> _INSTRUCTIONS TO FOLLOW_: Set out exactly every line of the entries below, starting at the line that holds "Bleistift pastell personalisiert" and stopping after the line that holds "Photo 1 of ****USED**".

> _EXCERPTED DATA_:
--- --- ---
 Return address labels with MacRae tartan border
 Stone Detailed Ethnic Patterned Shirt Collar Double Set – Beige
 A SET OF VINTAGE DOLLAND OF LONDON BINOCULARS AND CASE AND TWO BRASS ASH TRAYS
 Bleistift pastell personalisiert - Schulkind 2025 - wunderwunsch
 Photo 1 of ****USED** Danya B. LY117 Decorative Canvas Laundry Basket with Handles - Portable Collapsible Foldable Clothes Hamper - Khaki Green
--- --- ---
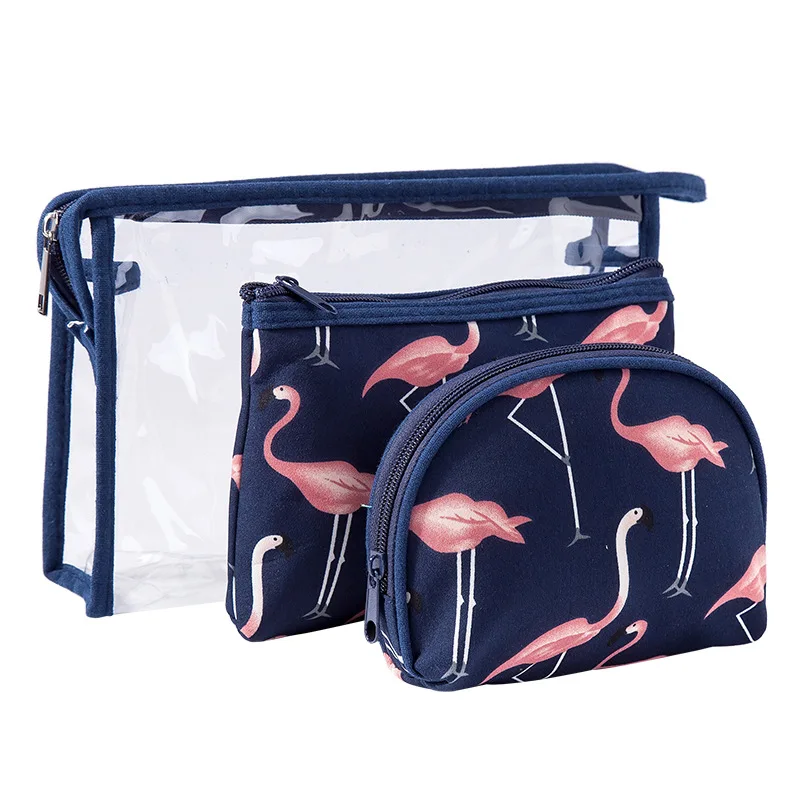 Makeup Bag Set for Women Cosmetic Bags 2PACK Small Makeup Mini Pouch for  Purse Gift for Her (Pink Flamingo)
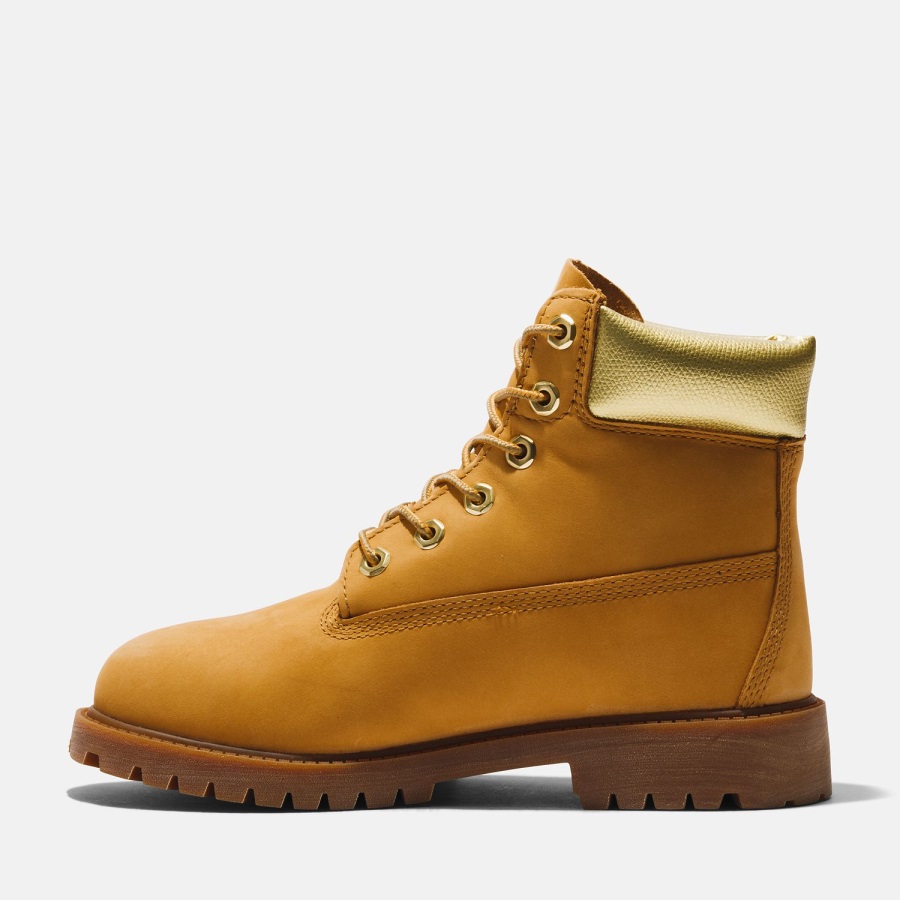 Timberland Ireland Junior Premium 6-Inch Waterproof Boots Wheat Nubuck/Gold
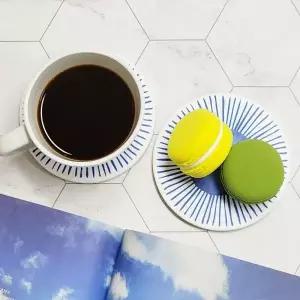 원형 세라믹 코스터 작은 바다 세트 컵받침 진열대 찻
--- --- ---
> _EXERCISE RESULT_:
 Bleistift pastell personalisiert - Schulkind 2025 - wunderwunsch
 Photo 1 of ****USED** Danya B. LY117 Decorative Canvas Laundry Basket with Handles - Portable Collapsible Foldable Clothes Hamper - Khaki Green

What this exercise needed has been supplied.